Wednesday, July 27, 2016

What it feels like to be a Dumb Child

“He’s the most talkative boy in class, but also really smart, and my favorite.”

It’s difficult being one of the top scorers in class, and lucky. Definitely lucky. To begin with, there’s a high chance that you have parents who really care for your brilliance in academic pursuits, while also stuffing a buffet plate of extra-curricular activities down your throat. And then, there’s the diligence with which you prepare for class tests or exams – mostly out of the fear of not making the parental Shiva open his third eye. For a top scorer, life begins with a fear of meeting expectations, first of the Mata-Pita who believe their child is an incarnation of Vishnu; and then, a few years later, expectations of everyone around, which the protagonist will disguise in the words “expectations from self”.
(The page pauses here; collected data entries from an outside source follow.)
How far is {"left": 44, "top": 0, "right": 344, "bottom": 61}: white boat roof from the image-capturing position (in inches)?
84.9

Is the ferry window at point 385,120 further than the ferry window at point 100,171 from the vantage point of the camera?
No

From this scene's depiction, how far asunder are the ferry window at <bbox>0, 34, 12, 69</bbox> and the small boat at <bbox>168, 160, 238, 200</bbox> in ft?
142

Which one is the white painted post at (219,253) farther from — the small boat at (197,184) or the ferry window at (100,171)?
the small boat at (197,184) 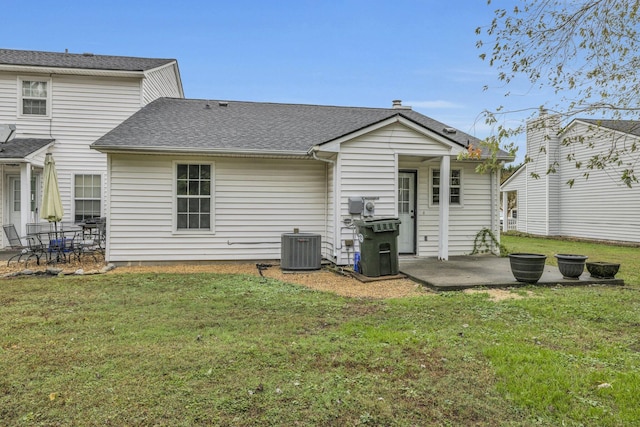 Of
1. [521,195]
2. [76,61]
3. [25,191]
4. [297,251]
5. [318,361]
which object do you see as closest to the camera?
[318,361]

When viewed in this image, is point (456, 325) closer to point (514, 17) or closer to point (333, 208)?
point (514, 17)

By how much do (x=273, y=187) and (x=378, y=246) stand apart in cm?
336

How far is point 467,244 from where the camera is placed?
424 inches

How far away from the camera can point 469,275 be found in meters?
7.79

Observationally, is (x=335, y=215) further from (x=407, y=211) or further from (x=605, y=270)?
(x=605, y=270)

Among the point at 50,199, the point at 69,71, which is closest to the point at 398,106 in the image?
the point at 69,71

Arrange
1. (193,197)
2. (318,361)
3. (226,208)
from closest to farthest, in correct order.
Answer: (318,361) < (193,197) < (226,208)

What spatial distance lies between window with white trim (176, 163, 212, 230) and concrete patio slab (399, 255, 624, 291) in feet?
16.1

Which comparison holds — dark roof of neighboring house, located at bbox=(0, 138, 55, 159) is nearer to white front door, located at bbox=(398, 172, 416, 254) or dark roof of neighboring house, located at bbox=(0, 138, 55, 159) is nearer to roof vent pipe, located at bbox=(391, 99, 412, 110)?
white front door, located at bbox=(398, 172, 416, 254)

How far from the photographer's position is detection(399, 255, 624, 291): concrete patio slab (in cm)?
703

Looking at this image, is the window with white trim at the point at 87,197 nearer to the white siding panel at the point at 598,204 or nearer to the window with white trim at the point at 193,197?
the window with white trim at the point at 193,197

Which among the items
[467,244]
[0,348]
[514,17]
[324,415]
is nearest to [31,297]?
[0,348]

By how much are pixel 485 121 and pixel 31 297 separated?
7013 millimetres

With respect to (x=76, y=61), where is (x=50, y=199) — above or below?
below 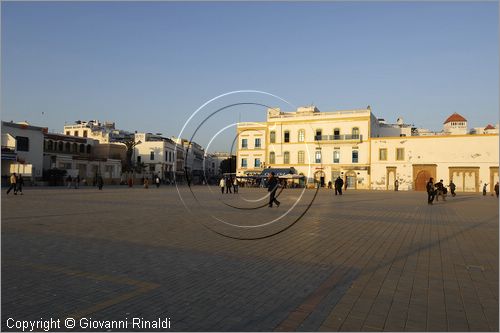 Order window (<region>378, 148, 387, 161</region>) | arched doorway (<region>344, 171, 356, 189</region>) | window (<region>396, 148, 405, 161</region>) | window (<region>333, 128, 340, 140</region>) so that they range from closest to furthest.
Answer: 1. window (<region>396, 148, 405, 161</region>)
2. window (<region>378, 148, 387, 161</region>)
3. arched doorway (<region>344, 171, 356, 189</region>)
4. window (<region>333, 128, 340, 140</region>)

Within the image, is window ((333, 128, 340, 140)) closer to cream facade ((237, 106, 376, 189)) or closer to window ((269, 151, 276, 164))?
cream facade ((237, 106, 376, 189))

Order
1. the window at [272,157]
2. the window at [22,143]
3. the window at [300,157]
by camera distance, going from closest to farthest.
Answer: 1. the window at [22,143]
2. the window at [300,157]
3. the window at [272,157]

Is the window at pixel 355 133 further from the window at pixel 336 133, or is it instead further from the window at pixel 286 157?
the window at pixel 286 157

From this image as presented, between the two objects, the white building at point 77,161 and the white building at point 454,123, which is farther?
the white building at point 454,123

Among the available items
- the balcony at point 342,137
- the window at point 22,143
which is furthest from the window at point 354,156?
the window at point 22,143

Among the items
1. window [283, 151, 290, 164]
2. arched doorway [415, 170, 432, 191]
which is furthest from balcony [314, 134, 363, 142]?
arched doorway [415, 170, 432, 191]

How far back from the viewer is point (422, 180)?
59719 millimetres

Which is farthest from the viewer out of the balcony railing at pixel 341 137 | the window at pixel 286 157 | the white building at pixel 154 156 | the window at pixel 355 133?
the white building at pixel 154 156

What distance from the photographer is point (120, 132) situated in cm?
10762

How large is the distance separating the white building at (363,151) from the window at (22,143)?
31.7 meters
While this may sound supremely immodest, I have lived my share of being an “intelligent boy” over the years, mostly by accident. All my cousins were asked to be as smart as I was, when the only basis of evaluating smartness was a figure assigned to you by the Board of Secondary Education at a time when you were already bored of secondary education. The sibling would be given a hard time with multiple applications requesting emulation of the elder brother’s behavior of a susheel, adarshvaadi and ten on ten scoring individual. Teachers in school found it easy to nominate students for council positions just like people in the neighborhood found it easy to nominate me as a friend for their children’s social circles. The perks were there, of course, as was a belief in the golden rule that hard work paid off.

The hard work gradually translated to guilt when I grew up and realized that I was doing better at exams by studying on the last day, while a few of my friends put in much more effort, studying for days and still wouldn’t manage to touch a rank worthy of a discussion. The guilt would make me work a little harder, in an attempt to justify to self that I probably deserved the kind of academic “success” I had so far seemed to accidentally achieve. People would come up to me for advice and inspiration, and I would silently thank my parents for having pushed me enough through the years to help develop those mental faculties, while I doled out life advice like it was a batch of fresh, puffy bhature from the local sweet shop on a Sunday morning.

However, the academic façade aside, I would feel like an absolute fool for not having any interest in political happenings around the world, being so non-opinionated about things that seemed to matter in this age and time, sucking monkey balls at Math, and generally, being an over-emotional goofball who was far away from achieving the more important goals in life, like being “street smart”. But I would hold the blanket of academic scores closer, hoping the shroud wouldn’t fall off in a gust of wind and make everyone realize how stupid I really am, and so undeserving of all the things that so happened. The impostor syndrome, clearly, is not a gender specific disorder.

Circa 2016 brought with itself an opportunity to spend a year with some of the country’s best brains at one of India’s top B-schools, also known as a parallel universe so confined in these few self-sustaining acres that the world has literally been crushed to a patch of land that I temporarily call home. With the rigorous curriculum, I feel literally cut off from life outside of this campus, while ironically gaining wider perspective about global business in such confinement.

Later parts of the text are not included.